◆ Data block:
= = = = = = =

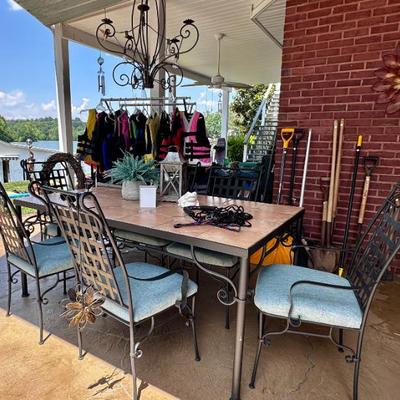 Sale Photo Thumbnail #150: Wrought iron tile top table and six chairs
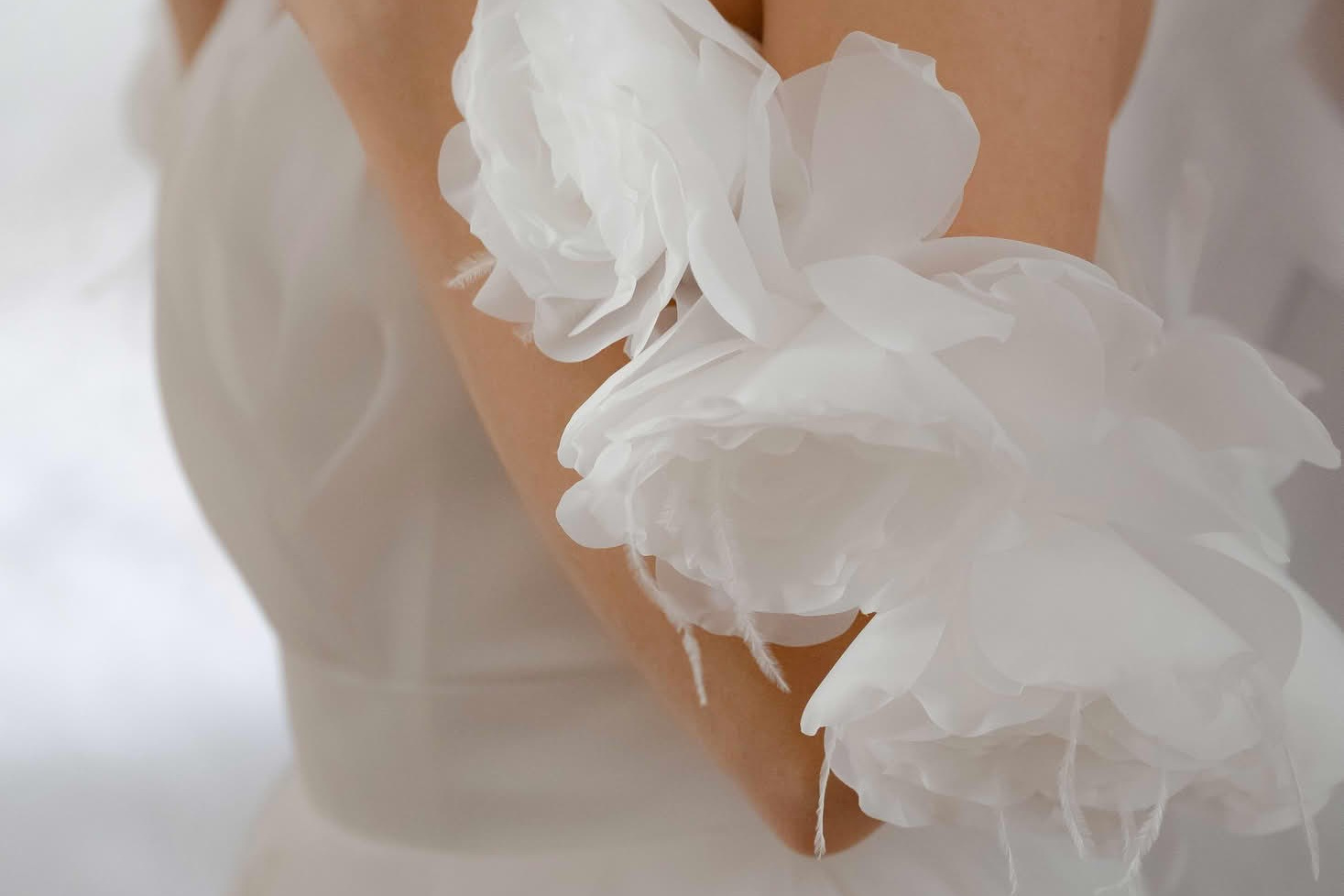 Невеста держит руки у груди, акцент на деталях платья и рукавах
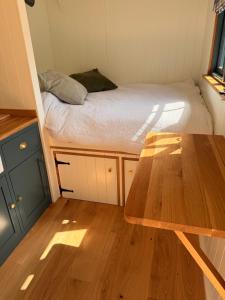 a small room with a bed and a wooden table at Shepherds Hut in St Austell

= = = = = = =

◆ What you need to do:
Transcribe the material exactly, leaving every picture out.

◆ Output of the task:
 Sale Photo Thumbnail #150: Wrought iron tile top table and six chairs
 Невеста держит руки у груди, акцент на деталях платья и рукавах
 a small room with a bed and a wooden table at Shepherds Hut in St Austell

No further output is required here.